The Yankees arrived in Anaheim on Monday bracing for the challenge of attacking the slugger, who had homered in four of his last six games, and Pujols' hot streak did not catch any of them off guard.
"I really don't watch a lot of baseball outside of what we do, but it's no surprise," first baseman Mark Teixeira said. "I'm sure people made a big deal out of it, but if anyone thinks Albert Pujols is going to stay down for long, they're crazy."
Pujols has hit .288 with six homers and 17 RBIs over his last 17 games after beginning the year with a .190 average, one homer and nine RBIs in his first 30 games.

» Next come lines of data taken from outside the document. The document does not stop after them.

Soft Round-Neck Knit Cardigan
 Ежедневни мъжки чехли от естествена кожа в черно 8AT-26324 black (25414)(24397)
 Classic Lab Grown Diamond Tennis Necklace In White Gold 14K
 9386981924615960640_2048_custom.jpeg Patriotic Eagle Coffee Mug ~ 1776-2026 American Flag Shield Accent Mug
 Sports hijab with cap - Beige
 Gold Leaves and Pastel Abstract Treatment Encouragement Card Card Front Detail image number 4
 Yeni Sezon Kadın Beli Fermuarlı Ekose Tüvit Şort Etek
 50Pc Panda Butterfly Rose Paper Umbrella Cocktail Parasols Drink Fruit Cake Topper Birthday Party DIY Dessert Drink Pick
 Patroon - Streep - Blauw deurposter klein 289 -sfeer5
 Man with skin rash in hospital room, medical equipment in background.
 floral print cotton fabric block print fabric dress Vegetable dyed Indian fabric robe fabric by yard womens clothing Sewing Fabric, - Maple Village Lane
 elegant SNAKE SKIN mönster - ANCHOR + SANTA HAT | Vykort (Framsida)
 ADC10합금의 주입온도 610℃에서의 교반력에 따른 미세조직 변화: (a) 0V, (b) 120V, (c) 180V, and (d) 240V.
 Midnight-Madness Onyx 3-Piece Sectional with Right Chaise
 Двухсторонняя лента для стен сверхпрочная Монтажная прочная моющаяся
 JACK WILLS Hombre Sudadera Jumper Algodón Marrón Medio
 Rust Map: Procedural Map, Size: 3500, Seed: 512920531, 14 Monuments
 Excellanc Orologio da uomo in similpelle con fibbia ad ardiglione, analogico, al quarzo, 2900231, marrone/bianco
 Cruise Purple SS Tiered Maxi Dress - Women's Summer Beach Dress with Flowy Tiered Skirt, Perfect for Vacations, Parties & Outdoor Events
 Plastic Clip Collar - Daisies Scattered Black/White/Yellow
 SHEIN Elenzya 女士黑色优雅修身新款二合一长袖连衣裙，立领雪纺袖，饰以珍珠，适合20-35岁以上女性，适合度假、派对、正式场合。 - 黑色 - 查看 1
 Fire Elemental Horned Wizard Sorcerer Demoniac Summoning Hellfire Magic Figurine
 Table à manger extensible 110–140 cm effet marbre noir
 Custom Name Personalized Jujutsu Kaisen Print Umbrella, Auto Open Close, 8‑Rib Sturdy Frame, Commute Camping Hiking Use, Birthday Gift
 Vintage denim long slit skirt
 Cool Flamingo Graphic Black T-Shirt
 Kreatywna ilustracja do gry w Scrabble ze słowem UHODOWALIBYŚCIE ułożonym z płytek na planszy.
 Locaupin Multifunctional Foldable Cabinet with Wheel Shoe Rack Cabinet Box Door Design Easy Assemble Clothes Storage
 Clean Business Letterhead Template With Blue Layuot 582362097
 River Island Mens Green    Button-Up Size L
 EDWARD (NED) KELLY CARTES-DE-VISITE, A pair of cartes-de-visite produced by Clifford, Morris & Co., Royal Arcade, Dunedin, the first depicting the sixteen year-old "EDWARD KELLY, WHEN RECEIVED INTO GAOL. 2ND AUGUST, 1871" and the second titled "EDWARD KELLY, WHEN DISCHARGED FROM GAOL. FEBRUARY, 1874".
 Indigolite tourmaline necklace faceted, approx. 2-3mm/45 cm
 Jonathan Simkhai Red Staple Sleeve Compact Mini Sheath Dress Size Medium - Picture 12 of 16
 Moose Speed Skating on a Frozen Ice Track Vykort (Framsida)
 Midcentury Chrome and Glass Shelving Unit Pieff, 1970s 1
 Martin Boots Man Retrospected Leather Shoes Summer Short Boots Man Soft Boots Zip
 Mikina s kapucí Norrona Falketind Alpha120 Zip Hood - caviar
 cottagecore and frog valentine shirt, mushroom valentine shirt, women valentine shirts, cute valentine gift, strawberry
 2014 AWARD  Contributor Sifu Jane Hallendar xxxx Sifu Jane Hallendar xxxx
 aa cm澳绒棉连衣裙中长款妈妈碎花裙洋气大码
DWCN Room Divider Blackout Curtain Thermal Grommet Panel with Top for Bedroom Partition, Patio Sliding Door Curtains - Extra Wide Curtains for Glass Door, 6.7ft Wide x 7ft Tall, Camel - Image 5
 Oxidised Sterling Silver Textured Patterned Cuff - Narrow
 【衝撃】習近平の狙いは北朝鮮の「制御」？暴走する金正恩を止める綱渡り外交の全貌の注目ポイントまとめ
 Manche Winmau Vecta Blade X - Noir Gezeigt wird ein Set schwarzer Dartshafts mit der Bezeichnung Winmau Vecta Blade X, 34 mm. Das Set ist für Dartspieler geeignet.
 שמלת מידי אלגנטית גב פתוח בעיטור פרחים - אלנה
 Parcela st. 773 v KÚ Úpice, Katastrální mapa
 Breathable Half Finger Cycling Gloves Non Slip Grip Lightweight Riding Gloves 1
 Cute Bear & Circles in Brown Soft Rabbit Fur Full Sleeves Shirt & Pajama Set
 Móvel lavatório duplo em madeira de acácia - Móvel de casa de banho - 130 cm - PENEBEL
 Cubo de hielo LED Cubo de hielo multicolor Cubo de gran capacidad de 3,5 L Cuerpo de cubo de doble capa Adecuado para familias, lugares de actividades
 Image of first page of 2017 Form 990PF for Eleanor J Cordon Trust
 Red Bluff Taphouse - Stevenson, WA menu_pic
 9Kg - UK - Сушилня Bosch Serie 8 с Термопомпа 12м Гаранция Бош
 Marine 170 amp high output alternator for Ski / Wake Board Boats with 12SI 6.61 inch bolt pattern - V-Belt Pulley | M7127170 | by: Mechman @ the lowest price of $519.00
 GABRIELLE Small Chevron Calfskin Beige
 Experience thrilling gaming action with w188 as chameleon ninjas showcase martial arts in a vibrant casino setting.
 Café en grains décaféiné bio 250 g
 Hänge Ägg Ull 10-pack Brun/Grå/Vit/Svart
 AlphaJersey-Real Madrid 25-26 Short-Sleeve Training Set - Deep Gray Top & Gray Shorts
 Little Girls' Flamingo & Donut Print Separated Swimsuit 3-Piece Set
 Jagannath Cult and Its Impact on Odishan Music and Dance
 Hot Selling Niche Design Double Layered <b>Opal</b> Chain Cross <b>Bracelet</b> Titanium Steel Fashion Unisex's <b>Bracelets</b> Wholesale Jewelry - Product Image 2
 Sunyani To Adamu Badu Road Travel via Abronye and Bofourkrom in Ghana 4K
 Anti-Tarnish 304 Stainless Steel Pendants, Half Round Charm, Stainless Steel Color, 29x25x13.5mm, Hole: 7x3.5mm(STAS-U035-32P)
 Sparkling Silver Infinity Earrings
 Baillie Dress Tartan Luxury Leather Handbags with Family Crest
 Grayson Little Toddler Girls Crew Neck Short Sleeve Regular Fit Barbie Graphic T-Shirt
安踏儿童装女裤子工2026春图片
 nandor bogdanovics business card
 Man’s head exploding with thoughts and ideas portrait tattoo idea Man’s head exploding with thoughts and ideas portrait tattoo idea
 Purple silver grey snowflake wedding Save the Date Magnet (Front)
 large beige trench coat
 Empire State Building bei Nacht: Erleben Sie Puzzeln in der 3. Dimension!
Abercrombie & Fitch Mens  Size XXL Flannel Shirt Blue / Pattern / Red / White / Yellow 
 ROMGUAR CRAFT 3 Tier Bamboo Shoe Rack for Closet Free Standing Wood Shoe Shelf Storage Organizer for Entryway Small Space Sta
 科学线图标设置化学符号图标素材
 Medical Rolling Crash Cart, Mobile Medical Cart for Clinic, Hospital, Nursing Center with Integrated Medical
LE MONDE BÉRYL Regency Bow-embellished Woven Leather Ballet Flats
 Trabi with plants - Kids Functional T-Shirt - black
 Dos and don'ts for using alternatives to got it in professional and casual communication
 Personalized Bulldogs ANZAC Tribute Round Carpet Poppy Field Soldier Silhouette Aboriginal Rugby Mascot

"It's surprising anytime you see someone of that caliber go through something like that," Yankees manager Joe Girardi said. "You can think about it and say, you know what, he's changing leagues, there's huge expectations, it's a different environment, there's a lot of different things.
"And maybe that had something to do with it. But you know eventually that it was going to end, and it seems, unfortunately, that it has ended, because we're here."
Andy Pettitte, who will start on Tuesday, has enjoyed some success against Pujols. Pettitte has held him to just six singles in 28 at-bats, a .214 average.
"He's a guy that's going to hurt you if you make a mistake," Pettitte said. "Whether he's slumping or not, I would treat him the exact same way: You just know he's a great hitter. Make pitches and don't let him hurt you too much."